Os ideais de modernidade europeia demoraram a serem compreendidas dentro do debate, e sempre de forma tensa e conflitante com a tradição intelectual. Mesmo após a proclamação da República da China (1912–1949) com Sun Yat-Sen (1866–1925) na revolução de 1911 e uma tentativa direta na implantação de um governo nos moldes democrático-liberal, tais eventos culminariam em um período de “tutelagem política de tempo indefinido” sob a liderança de seu partido, o Kuomintang, fundado em 1894.

Movimentos como o do Quatro de Maio⁴ (1919), mesmo assumindo uma postura anti-confuncionista de bases liberais e democráticas, até conquistando pequenas vitórias, teria dificuldade de bater de frente com o peso da tradição.

4. Movimento anti-imperialista, cultural e político de manifestações estudantis contra a fraca resposta do governo chinês ao Tratado de Versalhes, após o fim da Primeira Guerra Mundial (1914–1919).

Guerra, revolução e reascensão

A primeira metade do século XX não apresentaria melhora, um país fragmentado e controlado entre senhores da guerra regionais (após a morte de Sun Yat-Sen), a ocupação japonesa da Manchúria (1931–1932), os portos dos tratados desiguais europeus e a crescente tensão no campo com os revolucionários socialistas chineses escalaria em 1937, com a invasão japonesa do continente, dando início à Segunda Guerra Sino-Japonesa (1937–1945). Estimativas de mortes neste conflito variam, porém todas são na casa dos milhões de vidas perdidas.

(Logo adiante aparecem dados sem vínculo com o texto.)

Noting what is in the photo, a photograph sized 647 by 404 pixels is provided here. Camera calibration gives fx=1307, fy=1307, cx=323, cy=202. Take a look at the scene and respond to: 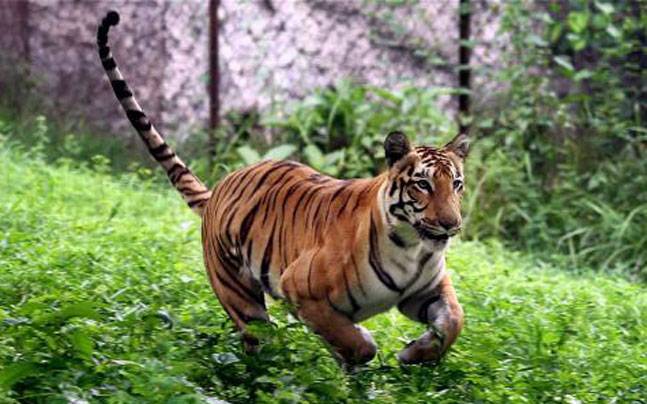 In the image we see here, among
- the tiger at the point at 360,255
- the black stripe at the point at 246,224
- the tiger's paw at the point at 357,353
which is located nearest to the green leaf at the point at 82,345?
the tiger at the point at 360,255

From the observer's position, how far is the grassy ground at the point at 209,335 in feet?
13.6

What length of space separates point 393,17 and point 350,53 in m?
0.49

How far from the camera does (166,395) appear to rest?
12.7 ft

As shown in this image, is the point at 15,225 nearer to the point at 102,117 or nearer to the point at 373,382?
the point at 373,382

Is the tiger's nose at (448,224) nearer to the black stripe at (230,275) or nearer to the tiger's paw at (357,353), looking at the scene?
the tiger's paw at (357,353)

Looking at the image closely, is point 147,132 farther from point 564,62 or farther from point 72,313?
point 564,62

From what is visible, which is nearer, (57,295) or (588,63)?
(57,295)

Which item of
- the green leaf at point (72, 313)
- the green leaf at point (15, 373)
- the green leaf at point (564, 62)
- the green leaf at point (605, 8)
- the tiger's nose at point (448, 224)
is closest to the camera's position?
the green leaf at point (15, 373)

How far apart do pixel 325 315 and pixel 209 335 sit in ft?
1.43

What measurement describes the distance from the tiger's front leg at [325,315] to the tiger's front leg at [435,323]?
160 millimetres

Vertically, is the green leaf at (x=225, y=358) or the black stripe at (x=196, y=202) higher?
the black stripe at (x=196, y=202)

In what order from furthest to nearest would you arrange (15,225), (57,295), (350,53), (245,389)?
(350,53), (15,225), (57,295), (245,389)

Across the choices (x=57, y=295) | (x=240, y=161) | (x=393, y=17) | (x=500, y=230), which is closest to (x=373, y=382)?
(x=57, y=295)

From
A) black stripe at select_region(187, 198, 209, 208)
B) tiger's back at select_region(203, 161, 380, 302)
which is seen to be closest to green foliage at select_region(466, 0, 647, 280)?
black stripe at select_region(187, 198, 209, 208) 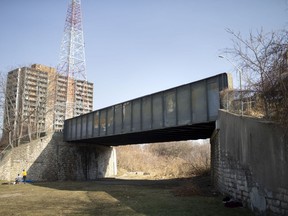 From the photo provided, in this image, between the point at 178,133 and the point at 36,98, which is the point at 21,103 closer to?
the point at 36,98

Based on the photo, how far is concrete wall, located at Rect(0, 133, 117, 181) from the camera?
30.0m

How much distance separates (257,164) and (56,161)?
27.6 m

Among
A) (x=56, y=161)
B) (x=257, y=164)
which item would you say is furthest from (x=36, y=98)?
(x=257, y=164)

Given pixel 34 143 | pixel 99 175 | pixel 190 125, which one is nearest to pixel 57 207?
pixel 190 125

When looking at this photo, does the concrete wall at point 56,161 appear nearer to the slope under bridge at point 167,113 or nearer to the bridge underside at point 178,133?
the slope under bridge at point 167,113

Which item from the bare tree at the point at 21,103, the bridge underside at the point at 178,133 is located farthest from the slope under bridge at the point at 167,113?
the bare tree at the point at 21,103

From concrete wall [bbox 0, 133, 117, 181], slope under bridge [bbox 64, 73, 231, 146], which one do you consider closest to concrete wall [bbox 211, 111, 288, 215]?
slope under bridge [bbox 64, 73, 231, 146]

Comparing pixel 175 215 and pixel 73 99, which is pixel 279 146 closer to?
pixel 175 215

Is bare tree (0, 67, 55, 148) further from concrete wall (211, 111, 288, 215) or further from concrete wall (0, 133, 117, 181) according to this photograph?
concrete wall (211, 111, 288, 215)

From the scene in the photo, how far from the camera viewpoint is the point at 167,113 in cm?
2095

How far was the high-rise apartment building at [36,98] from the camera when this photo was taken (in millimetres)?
39281

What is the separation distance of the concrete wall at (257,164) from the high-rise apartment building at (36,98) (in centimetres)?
3008

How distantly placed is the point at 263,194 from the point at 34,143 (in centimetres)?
2760

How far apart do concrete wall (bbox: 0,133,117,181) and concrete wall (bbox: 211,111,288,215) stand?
23589mm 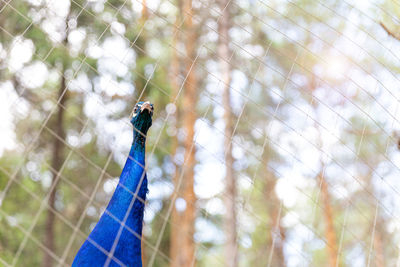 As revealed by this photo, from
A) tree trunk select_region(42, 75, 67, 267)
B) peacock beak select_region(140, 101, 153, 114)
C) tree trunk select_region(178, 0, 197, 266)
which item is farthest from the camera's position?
tree trunk select_region(178, 0, 197, 266)

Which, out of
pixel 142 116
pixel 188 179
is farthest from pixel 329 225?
pixel 142 116

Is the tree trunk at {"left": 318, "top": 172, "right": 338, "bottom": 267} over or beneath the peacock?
over

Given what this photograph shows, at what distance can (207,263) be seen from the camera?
232 inches

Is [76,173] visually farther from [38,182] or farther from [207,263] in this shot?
[207,263]

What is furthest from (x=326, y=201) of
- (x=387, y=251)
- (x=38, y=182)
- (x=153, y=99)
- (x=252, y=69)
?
(x=38, y=182)

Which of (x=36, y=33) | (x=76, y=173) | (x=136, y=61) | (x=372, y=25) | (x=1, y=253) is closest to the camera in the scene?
(x=372, y=25)

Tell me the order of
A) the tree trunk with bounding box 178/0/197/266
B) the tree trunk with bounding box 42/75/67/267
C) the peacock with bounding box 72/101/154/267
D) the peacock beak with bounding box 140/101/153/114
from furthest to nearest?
the tree trunk with bounding box 178/0/197/266, the tree trunk with bounding box 42/75/67/267, the peacock beak with bounding box 140/101/153/114, the peacock with bounding box 72/101/154/267

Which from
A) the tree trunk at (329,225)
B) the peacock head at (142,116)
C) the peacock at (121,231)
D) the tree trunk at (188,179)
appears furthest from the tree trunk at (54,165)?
the tree trunk at (329,225)

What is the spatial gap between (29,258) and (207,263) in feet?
7.32

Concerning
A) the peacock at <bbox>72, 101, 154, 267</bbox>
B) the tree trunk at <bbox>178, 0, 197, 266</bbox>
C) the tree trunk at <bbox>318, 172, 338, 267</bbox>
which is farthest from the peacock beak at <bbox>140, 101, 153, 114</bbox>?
the tree trunk at <bbox>318, 172, 338, 267</bbox>

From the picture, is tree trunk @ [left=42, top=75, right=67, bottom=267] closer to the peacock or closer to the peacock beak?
the peacock beak

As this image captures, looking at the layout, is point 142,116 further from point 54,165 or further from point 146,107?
point 54,165

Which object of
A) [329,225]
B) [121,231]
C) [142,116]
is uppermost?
[329,225]

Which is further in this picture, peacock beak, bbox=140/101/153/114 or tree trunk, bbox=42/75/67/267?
tree trunk, bbox=42/75/67/267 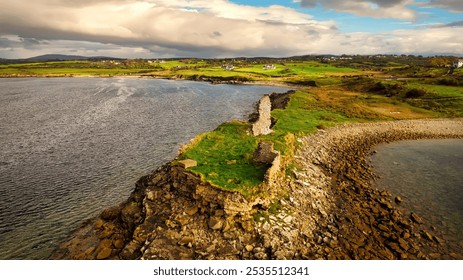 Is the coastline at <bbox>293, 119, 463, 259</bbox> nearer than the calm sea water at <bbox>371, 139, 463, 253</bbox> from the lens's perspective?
Yes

É durante e após este imbróglio de caos e guerra que se inicia a discussão da revolução comunista após a Revolução da China e a rendição japonesa. Mao Tsé-Tung assume a liderança do Partido Comunista Chinês em 1945 e seus escritos sobre marxismo (Livro Vermelho) marcariam o debate no país, imerso na mesma tensão anterior: o passado do pensamento milenar chinês frente a ideias europeias, neste caso o marxismo ou marxismo-leninismo soviético.

Mao Tsé-Tung e o Livro Vermelho, que reunia um compilado de seus pensamentos Fonte: wikipédia e shaddad.tumblr

O que aconteceu daí para frente é de conhecimento comum: a reconstrução e coletivização no pós-Segunda Guerra, o desastroso Grande Salto para Frente (1958–1960), a Revolução Cultural, a morte de Mao e a sucessão de Deng Xiaoping (1904–1997) à liderança do partido.

5. Campanha lançada por Mao Tsé-Tung, visando a industrialização e a equidade em tempo recorde, acelerando a coletivização do campo através da Reforma Agrária e da industrialização urbana, que acabou por culminar na Grande Fome Chinesa (1959 e 1961).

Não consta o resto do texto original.